#### The data ####

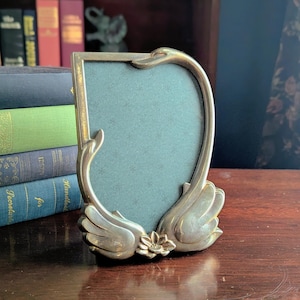 May include: A vintage brass picture frame with a swan design. The frame has a curved shape with swan heads at the top and swan wings at the bottom, with a small flower in the center. The frame holds a teal-colored backing and is displayed on a wooden surface.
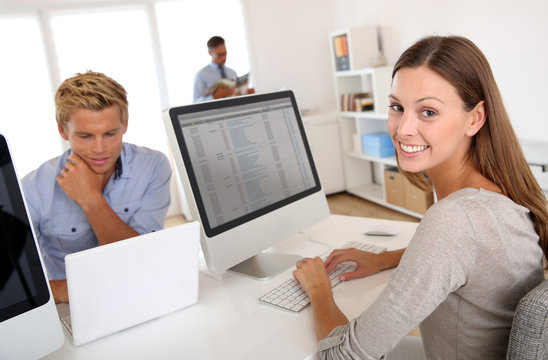 Portrait of smiling office worker in front of desktop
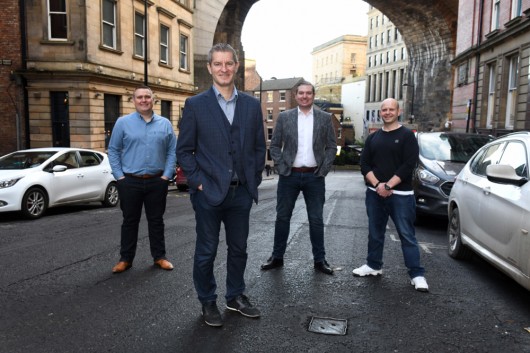 Four men standing at the bottom of Dean Street in Newcastle Upon Tyne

####

• **Work request**: Every line from the one containing "Portrait of smiling" through the last line of the data, both included, is to be repeated exactly; the pictures are to be left out.

• **Exercise answer**:
 Portrait of smiling office worker in front of desktop
 Four men standing at the bottom of Dean Street in Newcastle Upon Tyne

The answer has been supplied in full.